Kasielke said that if the condor survives it would stay at the zoo for several weeks, but could be returned to the wild.
Exactly how long ago the bird was shot could not be determined, she said.
___
On the Net:
U.S. Fish and Wildlife Service Endangered Species Program: http://www.fws.gov/endangered/i/b0g.html
Ventana Wildlife Society: http://www.ventanaws.org/
Calif. Department of Fish and Game: http://www.dfg.ca.gov/wildlife/hunting/condor/


----------



## john warren (Jan 25, 2005)

i wouldn't care if i had to shoot marshmallows at them. only thing i care about is that the round give me a fast, accurate and clean kill. its about respect for the animal. if they can prove lead is bad i would hunt with what ever was required. 
however,,, i would bet most of this is based on made up science and is more an effort to show what bad people hunters are, poisoning the condours.


----------



## hda31 (Nov 21, 2006)

your second part of your statement is the only true thing about these what these idiots are trying for. Playing on people's emotions for an endangered species is all they want to do to demonize hunters and gun owners. Makes me sick. We just need to unite and stay strong as they keep pushing against us.


----------



## DGF (Nov 23, 2000)

I have no doubt the intent of this article was to, as hda31 put it, "demonize hunters and gun owners." Fact is however, a poacher (not a hunter) did at some point in time shoot this condor. Poachers do give hunters a bad name, as it is my belief most non-hunters don't differentiate between us hunters and poachers. 
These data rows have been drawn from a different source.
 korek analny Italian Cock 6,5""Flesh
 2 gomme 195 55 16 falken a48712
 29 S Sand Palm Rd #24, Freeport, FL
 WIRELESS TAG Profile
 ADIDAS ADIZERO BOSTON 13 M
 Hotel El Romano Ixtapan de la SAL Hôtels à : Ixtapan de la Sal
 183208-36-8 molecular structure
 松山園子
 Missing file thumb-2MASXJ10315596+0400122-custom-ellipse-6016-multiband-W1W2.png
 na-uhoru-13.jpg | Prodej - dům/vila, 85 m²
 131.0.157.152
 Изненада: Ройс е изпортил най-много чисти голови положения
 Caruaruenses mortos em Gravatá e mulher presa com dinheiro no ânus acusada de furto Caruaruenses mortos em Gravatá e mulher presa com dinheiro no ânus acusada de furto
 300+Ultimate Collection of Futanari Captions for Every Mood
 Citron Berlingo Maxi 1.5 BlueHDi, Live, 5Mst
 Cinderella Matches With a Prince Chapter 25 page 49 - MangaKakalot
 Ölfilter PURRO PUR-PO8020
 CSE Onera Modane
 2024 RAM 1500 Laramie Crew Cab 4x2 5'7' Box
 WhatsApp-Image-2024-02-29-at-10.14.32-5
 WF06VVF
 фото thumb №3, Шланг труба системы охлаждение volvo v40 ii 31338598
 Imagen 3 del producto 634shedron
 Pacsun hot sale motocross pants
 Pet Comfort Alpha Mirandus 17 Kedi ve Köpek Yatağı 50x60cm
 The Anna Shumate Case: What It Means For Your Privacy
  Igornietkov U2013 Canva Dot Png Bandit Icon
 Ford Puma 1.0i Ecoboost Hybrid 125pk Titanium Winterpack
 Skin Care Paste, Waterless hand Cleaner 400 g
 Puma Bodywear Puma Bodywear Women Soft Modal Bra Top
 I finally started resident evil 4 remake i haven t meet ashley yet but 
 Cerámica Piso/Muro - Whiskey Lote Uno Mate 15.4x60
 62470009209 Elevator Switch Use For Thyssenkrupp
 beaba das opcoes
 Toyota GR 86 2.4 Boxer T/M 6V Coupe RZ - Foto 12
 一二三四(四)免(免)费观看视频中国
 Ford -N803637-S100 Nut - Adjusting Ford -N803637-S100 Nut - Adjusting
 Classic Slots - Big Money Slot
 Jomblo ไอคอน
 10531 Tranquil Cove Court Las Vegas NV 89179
As far as the lead poisoning goes, I do believe a better compromise to the possible problem would be hunters burying the entrials of the game after the animal is field dressed. This was mentioned as a solution however the ban on lead ammo was still imposed in some areas. 

Is it possible a piece of the shot, if actually lead, could have caused the lead poisioning? Could the presence of lead shot stuck in the tissue of the bird somehow cause the lead poisoning, not the use of lead on legal game whose entrials were later eaten by a condor? Hmmm...

~Dan~


----------